Uzun zaman sonra bütün günü kendime ayıracak, evden hiç çıkmadan sessiz huzurlu bir gün geçirecektim. Keyfimi bozacak hic bir şey olamazdi. Yani… şey dışında… evde hiç ekmek kalmaması dışında. Olabilir! Hemen üzerimdeki eşorfmanların üzerine montumu geçirip evden çıktım. Iki adım yer kim göreceķ ki beni? Bugün biraz aksilikle başladı evet ama marketle ev arasında da artık daha ne olabilir ki..
şlap..
yerdeki su birikintisi bana cevap verdi. Bütün üzerime çamurlu su sıçradı. O kadar geniş yolda bu su birikintisi gelip tamda benim adımlarımın olduğu yere mi konumlanmıştı yani? Koca yoldaki tek birikinti hem de!
Sakin olup hemen markete gidip geleyim eve dönemem, zaten etrafta çok insan yok bir şey olmaz… yok artık, karşımda uzun zamandır görmediğim arkadaşım ışınlanmış gibi belirdi. Utana sıkıla, çamurlu üstümü saklamaya çalışarak konuşup yanından ayrıldım. Yavaş yavaş sinirlenmeye başlıyorum. Koşa koşa markete gittim.

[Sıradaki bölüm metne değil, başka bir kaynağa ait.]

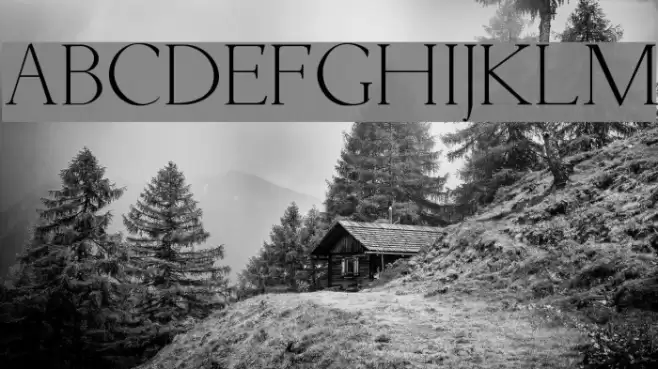 Livia Medium Font examples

Ee sıradaki ne aradığım ekmek mi kalmadı noldu? Neyseki ekmek var hemen alıp çıkıcam, kurtuluşa yakınım. Kasa sırasıda çok yok, diger kasalar daha kalabalık. Ee bu aksilikler sonsuza kadar sürmeyecekti ya? Keyiflendim ama niye ilerlemiyor önumdeki kişi. Kasa mı bozuldu. Hem de tam bana sıra gelmişken??
Yeter artık!
Günüm öldü ölecek, istemiyorum ekmek falan eve dönüyorum ben. Evrendeki bütün aksilikler aynı kişi üzerine mi yoğunlaştı? Bu evren bugün bütün terslikleri bana gönderiyor. Bu kadar terslik nasıl arka arkaya gelebilir hem de bugün güzel bir gün olacak derken? Eve vardım, şimdi kapımı açıp içeri gireceğim ve koltuğuma kıvrılıp yarına kadar kalkmayacağım. Ey evren bana daha ne yapabilirsin ki??